─── DATASET RECORDS ───
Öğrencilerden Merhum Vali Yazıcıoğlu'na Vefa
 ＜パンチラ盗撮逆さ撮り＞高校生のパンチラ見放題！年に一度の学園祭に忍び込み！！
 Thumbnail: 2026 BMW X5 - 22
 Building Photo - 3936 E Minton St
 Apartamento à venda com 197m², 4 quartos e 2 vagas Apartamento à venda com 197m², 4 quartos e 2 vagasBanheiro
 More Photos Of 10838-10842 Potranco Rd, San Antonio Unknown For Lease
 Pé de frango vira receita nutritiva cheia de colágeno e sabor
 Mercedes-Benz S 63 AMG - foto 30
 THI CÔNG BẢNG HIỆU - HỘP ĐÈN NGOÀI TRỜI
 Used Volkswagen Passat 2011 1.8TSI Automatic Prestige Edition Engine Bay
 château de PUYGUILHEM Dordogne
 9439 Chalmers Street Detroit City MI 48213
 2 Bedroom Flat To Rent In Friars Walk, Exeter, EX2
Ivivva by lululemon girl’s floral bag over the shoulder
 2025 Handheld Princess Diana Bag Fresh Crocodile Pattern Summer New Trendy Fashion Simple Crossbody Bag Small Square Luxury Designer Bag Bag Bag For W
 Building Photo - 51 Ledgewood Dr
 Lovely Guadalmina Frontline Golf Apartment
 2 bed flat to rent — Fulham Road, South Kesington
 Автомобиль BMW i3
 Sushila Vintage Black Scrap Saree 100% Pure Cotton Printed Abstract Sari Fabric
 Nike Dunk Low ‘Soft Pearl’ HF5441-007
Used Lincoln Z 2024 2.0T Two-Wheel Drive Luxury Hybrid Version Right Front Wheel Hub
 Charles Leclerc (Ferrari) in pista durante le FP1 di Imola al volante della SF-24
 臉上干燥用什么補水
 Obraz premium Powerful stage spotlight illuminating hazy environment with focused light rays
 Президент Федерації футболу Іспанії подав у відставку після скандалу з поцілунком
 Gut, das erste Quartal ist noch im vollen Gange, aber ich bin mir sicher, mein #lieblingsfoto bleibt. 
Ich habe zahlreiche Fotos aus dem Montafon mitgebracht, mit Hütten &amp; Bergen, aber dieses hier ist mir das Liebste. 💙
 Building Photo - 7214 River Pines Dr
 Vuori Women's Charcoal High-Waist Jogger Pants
───
▶ WHAT TO DO: Copy the records exactly, keeping every word in place.

▶ WRITTEN ANSWER:
Öğrencilerden Merhum Vali Yazıcıoğlu'na Vefa
 ＜パンチラ盗撮逆さ撮り＞高校生のパンチラ見放題！年に一度の学園祭に忍び込み！！
 Thumbnail: 2026 BMW X5 - 22
 Building Photo - 3936 E Minton St
 Apartamento à venda com 197m², 4 quartos e 2 vagas Apartamento à venda com 197m², 4 quartos e 2 vagasBanheiro
 More Photos Of 10838-10842 Potranco Rd, San Antonio Unknown For Lease
 Pé de frango vira receita nutritiva cheia de colágeno e sabor
 Mercedes-Benz S 63 AMG - foto 30
 THI CÔNG BẢNG HIỆU - HỘP ĐÈN NGOÀI TRỜI
 Used Volkswagen Passat 2011 1.8TSI Automatic Prestige Edition Engine Bay
 château de PUYGUILHEM Dordogne
 9439 Chalmers Street Detroit City MI 48213
 2 Bedroom Flat To Rent In Friars Walk, Exeter, EX2
Ivivva by lululemon girl’s floral bag over the shoulder
 2025 Handheld Princess Diana Bag Fresh Crocodile Pattern Summer New Trendy Fashion Simple Crossbody Bag Small Square Luxury Designer Bag Bag Bag For W
 Building Photo - 51 Ledgewood Dr
 Lovely Guadalmina Frontline Golf Apartment
 2 bed flat to rent — Fulham Road, South Kesington
 Автомобиль BMW i3
 Sushila Vintage Black Scrap Saree 100% Pure Cotton Printed Abstract Sari Fabric
 Nike Dunk Low ‘Soft Pearl’ HF5441-007
Used Lincoln Z 2024 2.0T Two-Wheel Drive Luxury Hybrid Version Right Front Wheel Hub
 Charles Leclerc (Ferrari) in pista durante le FP1 di Imola al volante della SF-24
 臉上干燥用什么補水
 Obraz premium Powerful stage spotlight illuminating hazy environment with focused light rays
 Президент Федерації футболу Іспанії подав у відставку після скандалу з поцілунком
 Gut, das erste Quartal ist noch im vollen Gange, aber ich bin mir sicher, mein #lieblingsfoto bleibt. 
Ich habe zahlreiche Fotos aus dem Montafon mitgebracht, mit Hütten &amp; Bergen, aber dieses hier ist mir das Liebste. 💙
 Building Photo - 7214 River Pines Dr
 Vuori Women's Charcoal High-Waist Jogger Pants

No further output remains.